By on January 3, 2013

The German car market ended the year with a bang – to the chin. Germany had shrugged-off the European contagion for most of the year, but in December, sales sagged by an unfestive 16.4 percent.
The holiday season could have something to do with the drop. The calendar was perfectly aligned this year, providing the allegedly hard-working Germans with a two week holiday at the expense of only five days taken off. Large parts of the German population were not even in the country, let alone at car dealers.
For the year, sales in Germany are down only 2.9 percent to exactly 3,082,504 units, data courtesy of the Kraftfahrtbundesamt.

Market leader Volkswagen is down 2 percent for the year, compensated by other group brands: Audi up 6.3 percent, Porsche up 9.8 percent, Skoda up 3.2 percent, SEAT up 15.4 percent.

Opel’s sales are down 16.1 percent for the year. Ford’s 10.7 percent.

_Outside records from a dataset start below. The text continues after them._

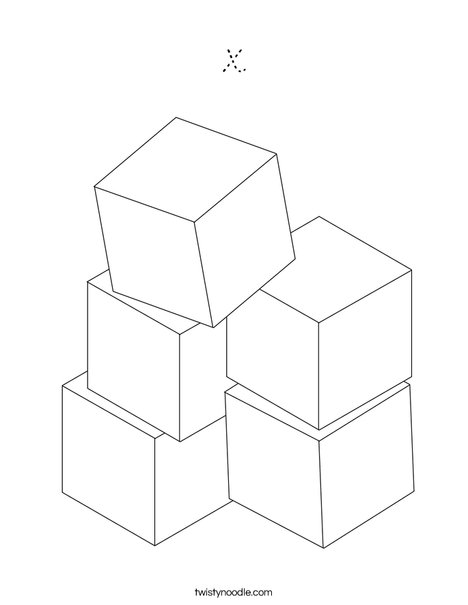 Stacked Blocks Coloring Page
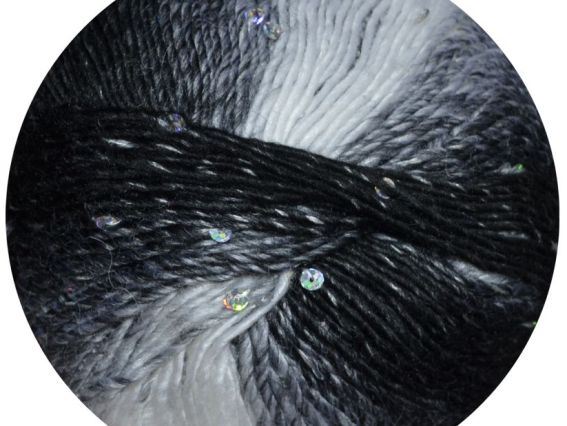 Pinar Pullu Space Himalaya пряжа з паєтками 62002 белый, черно-белый, черный, пайетки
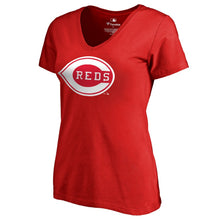 Load image into Gallery viewer, Cincinnati Reds Women&#39;s Cooperstown Collection Wahconah T-Shirt - Red MLB Ladies V-Neck
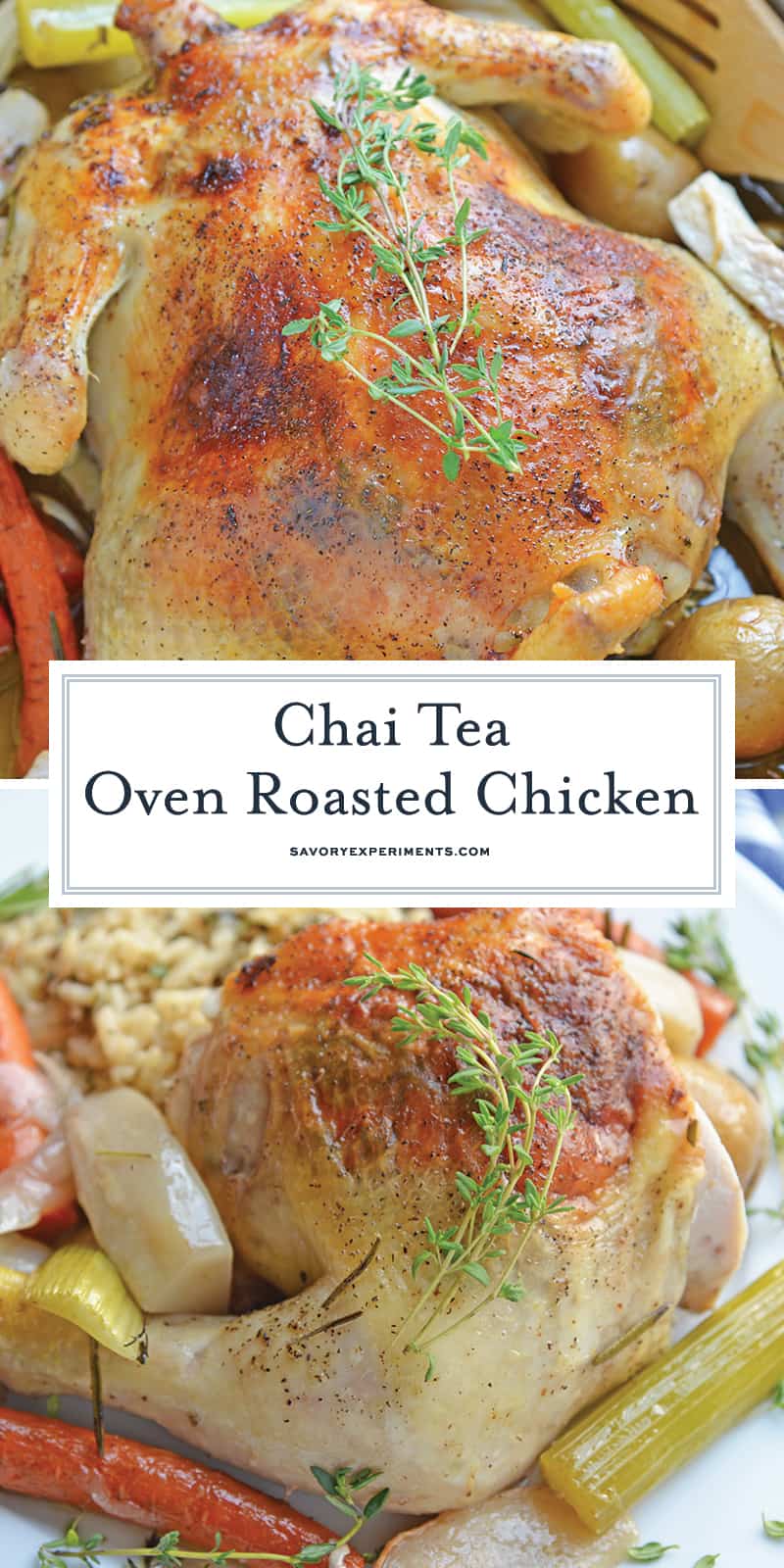 Chai Tea Oven Roasted Chicken is a baked whole chicken rubbed with spiced herb butter, root vegetables and the earthy fall flavors of Chai tea. #ovenroastedchicken #howtoroastawholechicken www.savoryexperiments.com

Elsewhere in Europe, Car sales in France, Spain and Italy in 2012 fell to the lowest levels in years, says Reuters.

  • Italy’s car sales were down 22.5 percent in December.  The year ended down19.9 percent to 1.4 million units, their lowest levels since 1979.
  • French car registrations fell 15 percent in December. The full year ended down 14 percent to 1.90 million vehicles.
  • Spain’s December sales contracted 23 percent. The full-year total of 699,589 cars is down 13 percent.